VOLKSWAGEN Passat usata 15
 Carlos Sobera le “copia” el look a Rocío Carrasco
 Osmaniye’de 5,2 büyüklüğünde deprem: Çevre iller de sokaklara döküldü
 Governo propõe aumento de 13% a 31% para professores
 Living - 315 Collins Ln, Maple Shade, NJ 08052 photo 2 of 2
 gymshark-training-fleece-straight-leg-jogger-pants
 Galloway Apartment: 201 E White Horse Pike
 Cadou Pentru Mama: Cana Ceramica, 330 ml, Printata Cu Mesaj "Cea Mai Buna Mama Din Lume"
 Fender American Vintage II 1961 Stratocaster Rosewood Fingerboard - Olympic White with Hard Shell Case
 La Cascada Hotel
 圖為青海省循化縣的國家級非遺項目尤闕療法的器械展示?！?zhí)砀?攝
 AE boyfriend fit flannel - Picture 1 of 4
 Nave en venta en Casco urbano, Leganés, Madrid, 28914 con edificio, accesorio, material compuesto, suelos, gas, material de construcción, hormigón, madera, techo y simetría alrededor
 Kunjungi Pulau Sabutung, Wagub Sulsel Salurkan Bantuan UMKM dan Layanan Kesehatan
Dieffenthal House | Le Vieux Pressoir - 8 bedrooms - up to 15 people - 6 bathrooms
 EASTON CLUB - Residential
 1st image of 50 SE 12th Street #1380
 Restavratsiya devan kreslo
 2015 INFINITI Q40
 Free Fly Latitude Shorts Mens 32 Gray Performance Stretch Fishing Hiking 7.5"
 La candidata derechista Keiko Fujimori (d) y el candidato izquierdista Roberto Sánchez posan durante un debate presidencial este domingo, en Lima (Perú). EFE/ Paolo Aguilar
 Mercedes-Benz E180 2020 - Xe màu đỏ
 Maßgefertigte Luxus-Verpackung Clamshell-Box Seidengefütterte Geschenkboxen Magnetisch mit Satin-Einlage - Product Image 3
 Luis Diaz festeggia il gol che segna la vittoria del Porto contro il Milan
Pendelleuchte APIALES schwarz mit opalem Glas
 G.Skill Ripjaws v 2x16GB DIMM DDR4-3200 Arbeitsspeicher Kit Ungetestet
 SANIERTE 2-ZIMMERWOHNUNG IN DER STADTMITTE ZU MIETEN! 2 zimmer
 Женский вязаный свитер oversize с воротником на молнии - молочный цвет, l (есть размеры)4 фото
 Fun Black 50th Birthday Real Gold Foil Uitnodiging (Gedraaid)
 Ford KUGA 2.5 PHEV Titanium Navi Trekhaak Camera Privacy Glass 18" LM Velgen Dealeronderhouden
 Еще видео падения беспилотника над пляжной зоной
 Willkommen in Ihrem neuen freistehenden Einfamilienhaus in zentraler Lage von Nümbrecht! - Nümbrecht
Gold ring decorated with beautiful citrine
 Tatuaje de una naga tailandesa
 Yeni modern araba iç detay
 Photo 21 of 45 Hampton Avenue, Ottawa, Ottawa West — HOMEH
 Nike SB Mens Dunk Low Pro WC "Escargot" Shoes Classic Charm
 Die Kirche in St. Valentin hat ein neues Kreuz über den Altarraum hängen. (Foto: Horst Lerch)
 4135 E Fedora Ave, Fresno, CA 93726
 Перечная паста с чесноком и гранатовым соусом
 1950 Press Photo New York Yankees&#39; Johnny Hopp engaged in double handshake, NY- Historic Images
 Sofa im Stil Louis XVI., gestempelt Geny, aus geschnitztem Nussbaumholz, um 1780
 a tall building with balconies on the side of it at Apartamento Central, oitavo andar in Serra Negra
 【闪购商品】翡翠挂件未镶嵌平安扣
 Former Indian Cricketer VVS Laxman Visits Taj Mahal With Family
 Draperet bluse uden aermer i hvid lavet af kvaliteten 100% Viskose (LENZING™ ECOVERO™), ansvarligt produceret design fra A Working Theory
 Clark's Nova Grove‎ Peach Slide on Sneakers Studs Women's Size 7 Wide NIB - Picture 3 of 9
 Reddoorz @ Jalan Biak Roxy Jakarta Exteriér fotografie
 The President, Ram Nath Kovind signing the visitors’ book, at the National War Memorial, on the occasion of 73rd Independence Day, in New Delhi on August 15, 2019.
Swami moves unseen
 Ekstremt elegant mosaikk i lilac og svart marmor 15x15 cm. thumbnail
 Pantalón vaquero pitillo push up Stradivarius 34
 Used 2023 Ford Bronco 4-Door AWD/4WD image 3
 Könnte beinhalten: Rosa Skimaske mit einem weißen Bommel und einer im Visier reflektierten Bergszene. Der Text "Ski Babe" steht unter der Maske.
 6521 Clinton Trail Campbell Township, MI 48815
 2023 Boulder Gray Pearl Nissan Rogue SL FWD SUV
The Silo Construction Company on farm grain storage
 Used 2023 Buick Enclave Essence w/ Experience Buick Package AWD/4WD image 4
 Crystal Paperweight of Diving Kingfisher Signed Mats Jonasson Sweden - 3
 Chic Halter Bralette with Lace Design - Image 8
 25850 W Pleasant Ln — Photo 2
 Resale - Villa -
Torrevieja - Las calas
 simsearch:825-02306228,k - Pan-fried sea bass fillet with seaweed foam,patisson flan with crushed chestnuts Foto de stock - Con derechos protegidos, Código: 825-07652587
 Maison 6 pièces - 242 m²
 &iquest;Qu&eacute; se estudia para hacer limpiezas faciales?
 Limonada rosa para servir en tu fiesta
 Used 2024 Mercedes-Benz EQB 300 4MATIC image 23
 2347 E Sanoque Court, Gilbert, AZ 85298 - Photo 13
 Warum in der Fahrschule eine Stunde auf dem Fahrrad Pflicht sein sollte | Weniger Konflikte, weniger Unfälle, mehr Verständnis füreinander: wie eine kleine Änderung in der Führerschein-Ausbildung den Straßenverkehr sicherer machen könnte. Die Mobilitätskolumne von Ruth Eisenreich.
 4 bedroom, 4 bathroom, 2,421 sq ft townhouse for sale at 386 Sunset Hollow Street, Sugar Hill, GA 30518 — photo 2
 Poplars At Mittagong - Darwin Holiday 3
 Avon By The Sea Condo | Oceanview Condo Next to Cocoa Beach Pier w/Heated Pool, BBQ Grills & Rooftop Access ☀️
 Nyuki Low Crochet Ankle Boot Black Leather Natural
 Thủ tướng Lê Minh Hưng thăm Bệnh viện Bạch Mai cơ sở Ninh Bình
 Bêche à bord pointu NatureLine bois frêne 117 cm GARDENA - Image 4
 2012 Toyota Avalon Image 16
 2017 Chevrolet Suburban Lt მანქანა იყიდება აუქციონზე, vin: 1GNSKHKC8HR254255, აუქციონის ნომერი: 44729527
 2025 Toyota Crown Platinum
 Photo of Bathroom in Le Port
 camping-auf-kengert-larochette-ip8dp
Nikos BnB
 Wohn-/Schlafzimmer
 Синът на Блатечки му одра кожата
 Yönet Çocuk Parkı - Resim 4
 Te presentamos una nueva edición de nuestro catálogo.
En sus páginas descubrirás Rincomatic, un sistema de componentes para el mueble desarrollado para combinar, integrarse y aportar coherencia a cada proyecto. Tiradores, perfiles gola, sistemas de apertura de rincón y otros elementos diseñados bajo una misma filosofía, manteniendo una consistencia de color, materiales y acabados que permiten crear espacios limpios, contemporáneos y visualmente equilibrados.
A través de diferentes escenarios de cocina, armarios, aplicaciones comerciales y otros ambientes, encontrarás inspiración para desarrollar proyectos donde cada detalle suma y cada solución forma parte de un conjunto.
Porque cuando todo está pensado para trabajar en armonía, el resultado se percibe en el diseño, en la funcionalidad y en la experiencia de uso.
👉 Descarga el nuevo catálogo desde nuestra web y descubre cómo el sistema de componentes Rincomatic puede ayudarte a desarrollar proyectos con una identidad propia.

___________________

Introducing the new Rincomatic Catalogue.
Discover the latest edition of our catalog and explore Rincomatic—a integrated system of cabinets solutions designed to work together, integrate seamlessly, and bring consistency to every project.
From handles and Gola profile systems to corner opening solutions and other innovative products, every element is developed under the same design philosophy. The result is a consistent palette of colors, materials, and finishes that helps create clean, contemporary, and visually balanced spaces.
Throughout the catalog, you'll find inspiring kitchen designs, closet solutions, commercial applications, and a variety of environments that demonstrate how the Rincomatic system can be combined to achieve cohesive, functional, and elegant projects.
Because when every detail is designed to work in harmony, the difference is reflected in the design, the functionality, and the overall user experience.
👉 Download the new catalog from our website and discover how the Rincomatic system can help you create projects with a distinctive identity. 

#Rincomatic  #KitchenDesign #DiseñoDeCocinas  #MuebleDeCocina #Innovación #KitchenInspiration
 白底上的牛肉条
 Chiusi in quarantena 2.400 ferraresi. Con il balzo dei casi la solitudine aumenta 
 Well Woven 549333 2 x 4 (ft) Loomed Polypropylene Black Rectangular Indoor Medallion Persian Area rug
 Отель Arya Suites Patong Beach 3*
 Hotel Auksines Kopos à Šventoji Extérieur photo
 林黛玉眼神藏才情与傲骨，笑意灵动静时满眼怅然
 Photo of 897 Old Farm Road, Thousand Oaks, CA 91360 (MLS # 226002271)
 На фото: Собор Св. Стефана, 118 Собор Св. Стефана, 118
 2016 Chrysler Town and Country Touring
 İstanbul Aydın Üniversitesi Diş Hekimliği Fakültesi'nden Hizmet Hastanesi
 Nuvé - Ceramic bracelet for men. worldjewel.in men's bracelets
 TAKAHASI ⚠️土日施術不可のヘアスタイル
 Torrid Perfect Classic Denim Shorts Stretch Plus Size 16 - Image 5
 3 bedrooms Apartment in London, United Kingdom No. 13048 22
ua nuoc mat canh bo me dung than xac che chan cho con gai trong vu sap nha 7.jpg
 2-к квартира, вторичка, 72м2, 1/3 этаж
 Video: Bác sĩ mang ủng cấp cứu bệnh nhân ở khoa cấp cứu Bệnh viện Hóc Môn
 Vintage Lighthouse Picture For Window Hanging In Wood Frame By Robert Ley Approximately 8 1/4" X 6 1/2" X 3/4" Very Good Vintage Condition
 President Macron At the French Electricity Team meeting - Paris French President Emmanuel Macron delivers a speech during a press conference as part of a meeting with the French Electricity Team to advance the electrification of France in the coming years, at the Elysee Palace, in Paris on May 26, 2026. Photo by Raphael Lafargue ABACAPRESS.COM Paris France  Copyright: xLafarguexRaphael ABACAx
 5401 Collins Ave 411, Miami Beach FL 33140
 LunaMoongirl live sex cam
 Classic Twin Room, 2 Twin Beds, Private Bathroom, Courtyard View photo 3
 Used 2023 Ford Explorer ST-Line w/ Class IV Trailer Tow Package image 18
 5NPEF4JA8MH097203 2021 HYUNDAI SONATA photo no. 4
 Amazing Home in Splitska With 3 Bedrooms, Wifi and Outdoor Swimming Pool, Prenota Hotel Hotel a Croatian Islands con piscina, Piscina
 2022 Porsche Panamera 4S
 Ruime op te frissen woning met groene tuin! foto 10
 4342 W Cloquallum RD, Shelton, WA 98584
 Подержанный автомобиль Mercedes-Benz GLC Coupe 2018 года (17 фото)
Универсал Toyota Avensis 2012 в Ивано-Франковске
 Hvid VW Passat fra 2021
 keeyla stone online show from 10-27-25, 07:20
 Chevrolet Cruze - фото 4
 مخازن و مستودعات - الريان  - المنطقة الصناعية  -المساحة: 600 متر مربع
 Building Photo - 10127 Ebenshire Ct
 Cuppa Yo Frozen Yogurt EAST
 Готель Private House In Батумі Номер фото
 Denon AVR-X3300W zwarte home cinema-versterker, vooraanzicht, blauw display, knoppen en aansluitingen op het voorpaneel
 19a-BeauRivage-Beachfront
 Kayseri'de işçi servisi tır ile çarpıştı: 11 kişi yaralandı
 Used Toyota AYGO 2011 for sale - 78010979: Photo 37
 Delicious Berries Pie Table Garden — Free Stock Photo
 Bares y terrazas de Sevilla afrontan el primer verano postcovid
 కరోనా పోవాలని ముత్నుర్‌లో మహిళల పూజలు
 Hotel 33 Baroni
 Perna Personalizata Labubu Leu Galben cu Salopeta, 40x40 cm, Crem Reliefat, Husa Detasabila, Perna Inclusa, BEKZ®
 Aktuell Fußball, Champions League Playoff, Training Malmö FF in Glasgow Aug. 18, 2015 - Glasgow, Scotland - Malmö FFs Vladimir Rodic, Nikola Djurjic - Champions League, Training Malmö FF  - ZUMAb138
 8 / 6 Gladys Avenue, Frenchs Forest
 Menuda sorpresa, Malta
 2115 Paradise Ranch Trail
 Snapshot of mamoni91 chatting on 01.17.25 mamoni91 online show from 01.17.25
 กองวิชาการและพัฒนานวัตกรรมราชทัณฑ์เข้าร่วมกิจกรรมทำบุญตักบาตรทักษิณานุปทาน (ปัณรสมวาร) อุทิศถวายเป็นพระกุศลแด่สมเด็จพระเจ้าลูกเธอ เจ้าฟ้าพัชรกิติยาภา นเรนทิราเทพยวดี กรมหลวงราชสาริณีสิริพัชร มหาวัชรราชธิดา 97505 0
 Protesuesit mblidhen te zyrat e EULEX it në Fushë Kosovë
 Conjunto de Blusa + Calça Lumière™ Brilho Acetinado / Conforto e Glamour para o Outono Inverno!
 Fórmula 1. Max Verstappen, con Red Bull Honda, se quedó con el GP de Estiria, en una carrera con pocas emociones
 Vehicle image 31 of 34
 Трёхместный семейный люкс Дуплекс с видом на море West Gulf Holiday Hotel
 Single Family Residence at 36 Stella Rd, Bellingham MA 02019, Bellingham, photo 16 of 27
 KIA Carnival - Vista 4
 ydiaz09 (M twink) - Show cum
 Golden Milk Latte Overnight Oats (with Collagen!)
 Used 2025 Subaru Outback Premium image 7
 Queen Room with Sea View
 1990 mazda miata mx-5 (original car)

__What the exercise asks__:
Retype, in the same exact form, the lines of the material above from the line holding "Ford KUGA 2.5" through the line holding "Photo 21 of".

__Your solution__:
 Ford KUGA 2.5 PHEV Titanium Navi Trekhaak Camera Privacy Glass 18" LM Velgen Dealeronderhouden
 Еще видео падения беспилотника над пляжной зоной
 Willkommen in Ihrem neuen freistehenden Einfamilienhaus in zentraler Lage von Nümbrecht! - Nümbrecht
Gold ring decorated with beautiful citrine
 Tatuaje de una naga tailandesa
 Yeni modern araba iç detay
 Photo 21 of 45 Hampton Avenue, Ottawa, Ottawa West — HOMEH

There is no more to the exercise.